An organized crime expert says the weekend shooting of a former Hamilton Hells Angel on an east-end sidewalk has the hallmarks of a gangland “hit.”
James “Lou” Malone — a biker who had once been charged in a brutal beating at a Hamilton strip joint — was killed in a shooting on Kenilworth Avenue North just south of Hope Avenue around 1:20 a.m. on Saturday.
Det. Peter Thom, the lead investigator on the case, said on Saturday he believes the 49-year-old “was specifically targeted” and that the shooting followed “a bit of a foot race” through the neighbourhood.
Police have not made any arrests in the case.
Area residents report hearing a vehicle speed off after shots were fired.
Val — whose apartment is situated on top of a storefront on the east side of Kenilworth — said her two male roommates saw the shooting through a window.
“According to my roommates, they heard a truck stop and two gentlemen… jumped out of a silver truck,” said Val, who asked for her last name not to be published.
“There was a gentlemen walking on the street and about four shots were fired. And they jumped back into their truck and took off at a high rate of speed.”
Shooting likely 'thought out'
Peter Edwards, a veteran Toronto Star reporter who has written several books on organized crime, said the slaying “definitely looks like a hit” and said it raises questions about Malone’s standing with his former associates in the Hells Angels.
Edwards has conducted extensive research on the group and has a small file on Malone.
“There was nothing huge,” he said, about Malone’s role in the Hamilton chapter. But Edwards said the biker had the look of a “power lifter” and would have to have demonstrated a longstanding commitment to the group to become a member in the first place.
There are a number of factors in the shooting that lead Edwards to believe Malone’s death was far from a random act of lethal violence.
The fact that Malone was reportedly chased — and then shot multiple times with a gun — suggests the killing did not stem from a last-call bar fight, he said.
“If you’re pursuing the person after the anger should have passed, it’s a little more thought out.”
In addition, he said Malone’s imposing physique as well as his Hells Angels past would deter most casual assaults — and thus anybody attacking Malone would likely have been keen on causing him serious harm.
“It’s not generally a good idea to chase these guys,” Edwards said. “It’s a pretty big deal.”
It’s not clear when Malone left the formidable biker gang, nor the circumstances surrounding his departure.
Media reports suggest the Hamilton man was a Hells Angels operative as recently as 2008, when he and another member were acquitted of assault and weapons charges in a 2007 beating at a local strip club.
Edwards said he’s curious to learn whether Malone left the group in “good standing.”
If a member departs the Hells Angels on bad terms, “it’s like being shunned from religious community,” Edwards said.

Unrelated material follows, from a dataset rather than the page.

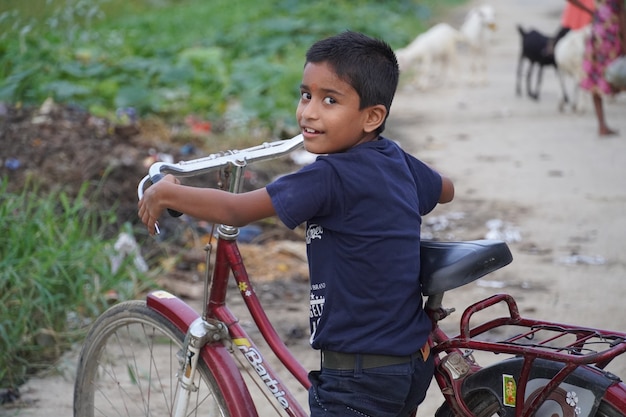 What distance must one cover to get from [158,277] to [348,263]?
9.77 ft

'A lot of the attraction of being Hells Angels is that it’s like an extended family.'—Peter Edwards, journalist
Conversely, members who leave in good standing “can attend social functions,” but are stripped of the right to vote at meetings and are no longer tasked with carrying out group business.
Upon leaving the gang, Edwards added, outgoing members forfeit “all the protections that come with being in the Hells Angels.”
However, the possibility that Malone was still closely connected with the Hells Angels raises the spectre that his death will provoke an angry response.
“When they call it a brotherhood, they really mean it,” Edwards said. “A lot of the attraction of being Hells Angels is that it’s like an extended family.”
Homicide probe in 'very early stages'
Police have not announced any arrests in the case and have yet to identify any possible suspects.
On Saturday, homicide detective Thom said the probe was in its “ very early stages,” as investigators interviewed witnesses and gathered forensic evidence at the crime scene.
Thom confirmed that Malone was “previously a member of the Hells Angels,” and said the man had racked up “an extensive and violent criminal record.”
Malone’s past with the gang’s Hamilton contingent is telling, said Edwards.
The journalist described the Hamilton group as a “serious chapter” — one whose founder, Walter Stadnick, is believed to have been a key player in the expansion of the Hells Angels from Quebec into Ontario and beyond.
Stadnick is serving a 13-year prison sentence after he was convicted of murder conspiracy and drug trafficking charges in 2004.
“If he didn’t think someone was good, [Malone] wouldn’t have gotten in,” Edwards said, adding that to become a Hells Angels member, one has to have “credibility as a biker for an absolute minimum” of five years.
“To be Hells Angels, you don’t just show up.”